What the exercise asks:
Shown below is a listing with pictures; reproduce exactly, and only, the lines between the ones containing "1. Focus on the code that matters" and "What does MASP", inclusive, leaving the pictures out.

Records provided:
==========

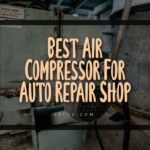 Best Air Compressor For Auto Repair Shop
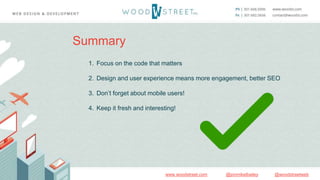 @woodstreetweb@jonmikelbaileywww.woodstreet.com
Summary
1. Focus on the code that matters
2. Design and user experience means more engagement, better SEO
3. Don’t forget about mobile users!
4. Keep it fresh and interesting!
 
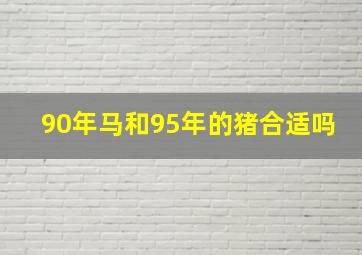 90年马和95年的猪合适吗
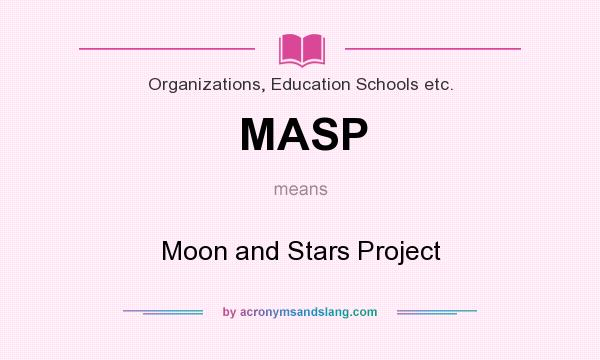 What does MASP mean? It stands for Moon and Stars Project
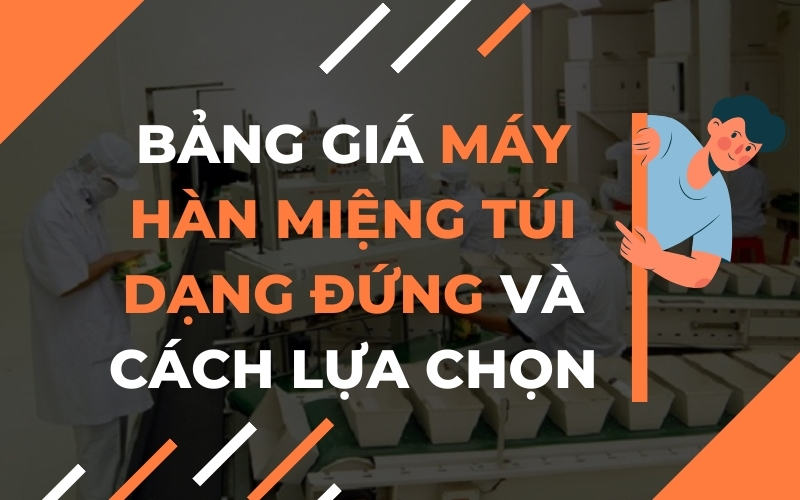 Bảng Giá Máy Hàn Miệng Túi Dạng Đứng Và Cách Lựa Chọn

==========

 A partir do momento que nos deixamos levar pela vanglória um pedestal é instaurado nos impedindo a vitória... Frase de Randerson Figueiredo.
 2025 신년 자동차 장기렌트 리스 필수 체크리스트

==========

Result of the task:
1. Focus on the code that matters
2. Design and user experience means more engagement, better SEO
3. Don’t forget about mobile users!
4. Keep it fresh and interesting!
 
 90年马和95年的猪合适吗
 What does MASP mean? It stands for Moon and Stars Project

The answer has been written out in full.